On Friday, he called CIA Director William Burns, National Intelligence Coordinator Avril Haines and Secretary of Defense Lloyd Austin. Tenor: The most recent reports that concrete military successes in Kyiv can be attributed to direct information from the American services are counterproductive. The leaking of information to the media must stop. Others now call the bragging dangerous because it could give Moscow an excuse for further escalation. Duma Speaker Vyacheslav Volodin accused Washington of “coordinating and developing essential military operations” and concluded that the United States was “directly involved in military actions against our country”.

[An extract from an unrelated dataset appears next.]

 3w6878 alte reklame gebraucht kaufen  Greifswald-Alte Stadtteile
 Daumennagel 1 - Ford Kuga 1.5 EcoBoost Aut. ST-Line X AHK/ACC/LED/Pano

A day after the call, CIA Director Burns said it was “irresponsible, very risky and dangerous” for people to talk too much – whether speaking publicly about certain intelligence matters or share information confidentially. At a Financial Times conference in Washington, he added that it was a “big mistake” to underestimate Ukraine’s intelligence capabilities. It’s their country, they have a lot more information than the Americans. The background for this were reports that American services not only provided kyiv with general information about Russian troop movements, as they did at the start of the war, but also helped sink a warship Russian and to specifically kill Russian generals. The latter was denied by the Biden government. The contribution to the sinking of the missile cruiser “Moskva” was minimized. Despite his own warning, Biden has released more military aid to Ukraine. The State Department said a $150 million package had been approved.
Burns: Putin simmers in ‘resentment, ambition and insecurity’
At the conference, Burns expressed the view that Russian President Vladimir Putin is stepping up military action because he cannot afford to be defeated. Despite the failure to take kyiv and the difficulties in Donbass, Putin still believes he can defeat the Ukrainian armed forces. For years it has been simmering in a highly explosive combination of “resentment, ambition and insecurity”. For the moment, he is apparently “convinced that he can still progress by multiplying the means”. But there is no indication that he plans to use tactical nuclear weapons.
Burns made it clear that the war in Ukraine did not change Washington’s real security strategy: China was “the greatest long-term geopolitical challenge”, although the danger from Russia should not be underestimated. “Putin demonstrates in a very disturbing way that declining powers can be at least as divisive as rising ones,” Burns said. He gets the impression that Chinese President Xi Jinping is a bit concerned about the damage to China’s reputation resulting from its association with Russia. Xi is also concerned about economic uncertainties resulting from the war. Beijing was shocked that America and Europe had grown closer during the crisis. But he doesn’t think for a second that Xi’s resolve to take control of Taiwan has eroded.